Nas linhas seguintes, eles sustentam que, além de expor os próprios trabalhadores destacados para derrubar as moradias, a medida se mostra "absurda" ao colocar em risco pessoas em estado de vulnerabilidade social, idosos e doentes, "afastando-os do local que conhecem e distanciando-os de suas redes de proteção".
– Trata-se de um reassentamento, não de uma reintegração de posse – pontua o procurador do MPF que assina a ação, Enrico Rodrigues de Freitas, observando que ainda não houve despacho do TRF4 sobre o tema.
Para ele, porém, o novo decreto do prefeito Nelson Marchezan, publicado na madrugada de sábado (21), determinando o fechamento de uma série de estabelecimentos em Porto Alegre e impedindo de funcionar o comércio, a indústria, o setor de serviços e a construção civil por 30 dias deve impedir a continuação da ação na Vila Nazaré.
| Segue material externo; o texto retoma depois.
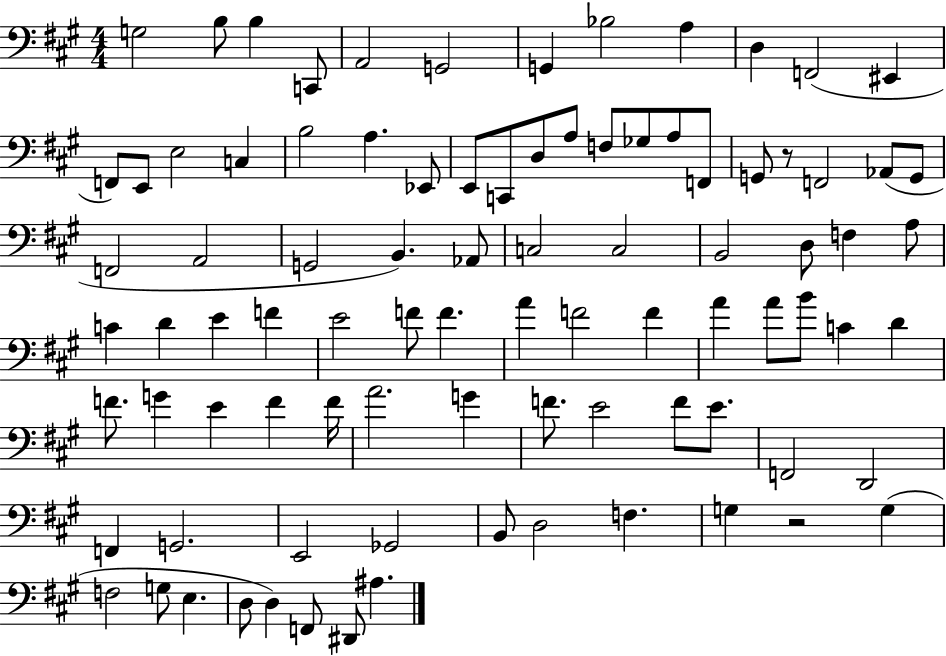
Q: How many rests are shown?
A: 2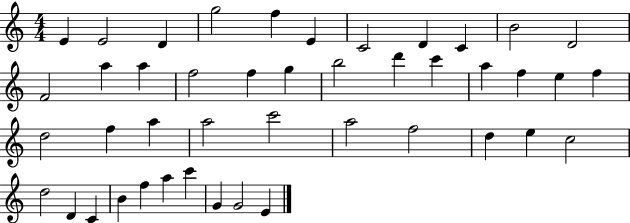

Além das demolições, a comunidade da Vila Nazaré vem enfrentando constante falta de água. Em alguns casos, causada pelos vazamentos decorrentes das demolições. A escassez de água e de outros serviços básicos gera preocupação especial em um momento em que a importância de cuidados básicos de higiene é reforçada pelas organizações de saúde para combater o coronavírus.
— Quando chega, a água é fraca nas casas mais ao fundo da vila. Isso prejudica a higienização das mãos, dos alimentos e das próprias moradias — explica Eduardo Osório, integrante da coordenação nacional do Movimento dos Trabalhadores Sem Teto (MTST), entidade que tem acompanhado as atividades no local.
Contrapontos
O Departamento Municipal de Habitação entende que a manifestação do MPF é inaplicável ao trabalho na Vila Nazaré, por não se tratar de "reassentamento compulsório ou forçado e sim consensual". Em nota, o departamento diz que as remoções são "justamente para que, neste momento de pandemia, essas pessoas sejam resguardadas, indo morar em um local com toda a infraestrutura de saneamento e condições de vida saudável" e garante que são tomadas "todas as precauções recomendadas pelas instituições de saúde municipal, estadual e federal". Afirma, ainda, que demolição só é feita "após os pertences estarem no caminhão de mudanças" e o responsável " com a chave da nova moradia disponível".
A Fraport Brasil disse que a desocupação ocorre dentro da legalidade e que "as questões necessárias estão sendo tratadas na justiça".